映画の冒頭、妾として金持ちスケベ老人の玩具にされ、無表情なまま浴室にまで同行させられ裸身を晒し老人の肥えた背中を洗わされる若尾文子が全身で放っている強烈な無気力感。絶望でも希望でもなくまさに投げやりという感じ。それは病気の父親や、声を上げて泣き、罵り、わが身の境遇を嘆くばかりの母親を前にしたときでもさほど違わない。やがて死んだ老人の巨額の遺産の一部を相続して手切れ金とされて縁を切られても父親が死んでも元の村に戻っても、ただ座って虚空をぼおっと見ているだけだ。…オメカケで汚れてるだの挨拶もしないだの、延々ととどまる所を知らぬ勢いで果てしなく続く醜悪で聞くに耐えない村民たちの噂話と村八分の排除作用がフル稼働している状態で観ていて気が滅入るが、若尾文子の無表情を見てると何か溜飲が下がるような思いすら感じる。どろっと沈殿するかのようなグレー一色の無気力オーラさえあれば、下らないご近所などものともせず、ほとんど問題なくやっていけるんじゃないだろうかとさえ思わせる超然とした表情。


しかしそんな若尾文子もやがて、模範兵として退役し故郷から名誉の村民として迎え入れられた清作(田村高廣)と出会い、いつしか惹かれ合い、恋仲となり、夫婦となる。…母親の死をきっかけに、酒の酔いと一時の寂しさを無理やりの起爆剤として、篭りつつある欲望を発火させ、やがて狂ったように貪り合う。村人たちは村の誇りの模範兵が村八分の家の元妾と結婚したスキャンダルに沸き立つ。暗闇の中で油にまみれたようにぎらつく裸体と、村民のうんざりするような低劣で下品な噂話や猥談が対比される。(村の様子は徹底的に最低な雰囲気で描かれている。…いやぁ、でも日本の田舎って今も昔もこうかもなあと思わせる。。こういう集団の感性こそが、我が子や近隣の息子さんを兵隊として立派に出征させて名誉だの立派だあっぱれだの死んで来いだの云って憚らないのだろうと実感させられる。)


という訳で物語はメンドクサイ状況になって来るのだが、もはや愛欲の虜っていう感じで形振り構わぬ若尾と違い、夫の清作はまだ自分の社会的存在価値を信じる事ができている。この自らが起こしたスキャンダルを自らの力で社会道徳的にも倫理的にも適切なものに回収できる事を確信しており、村人と会っても悪びれたり卑屈になったりする事も無い。だから村民を起床せしめ今日の仕事につかせる「釣鐘」打ちの日課もやめようとしない。
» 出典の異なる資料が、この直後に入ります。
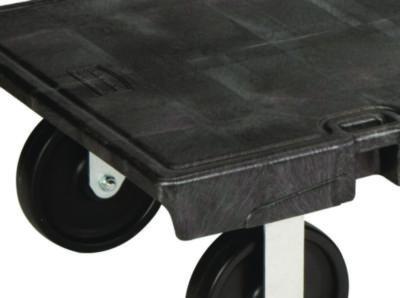 Platform Truck, 2,000 lb Capacity, 24 x 48 x 7, Black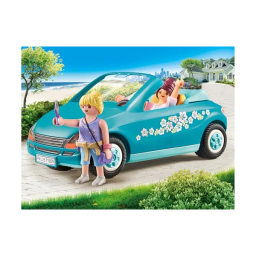Playmobil My Life Cabrio 71809 – Auto Decappottabile con Personaggi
この「釣鐘」打ちは、清作が(というより世の男性が)自らの欲望や幸福の在り処と折り合いを付けつつ同時に社会的存在としても存在するための、最低限の「お勤め」であり、社会的存在としての自分を自己確認できる最後の拠り所でもあるだろう。そして若尾文子がその妖艶さに拠って物語を揺るがせ推し進めて行くのに逆らうかのように、田村高廣召集令状を受け取るや、もう一度模範兵として村人の模範として再度出征し、兵隊として、日本男児として完璧な振舞いを遂行する事に疑いすら持たない。このあたりのズレがどのくらいのグシャグシャを経てどうなって行くのか?を期待したので、終盤、ちょっとツマラナイ結論にすりかえられた感じがする。(無理解や嘲笑から逃げずにこのまま自分たちの生を貫き通そうという決意は立派であるが、それは決意として立派なだけである。…しかし65年当時、こういう決意がある種の説得力を持っていたのだろうというのは理解できる。というか今でも充分説得力はあるか。)


しかし夫の目を五寸釘で突くという一連のシーンも相当堂々とした流れで見せてくれて、このあたりも素晴らしく良いと思った。苦痛に絶叫する田村の、血に染まった顔面の正面からのショット。(超痛そう!)惜しげもなくふんだんに流されあたりを黒く染める血液。着物の前ほとんどを血に染める若尾。逃げる若尾を追い詰め、村民による投打と縛り上げの凄惨なリンチを延々とカメラは追う。…こういう、前述した冒頭の若尾のシラーっとした無気力さとか暴力シーンとかが割合しっかりと効いていて映画全体の印象を濃く豊かなものにしている感じ。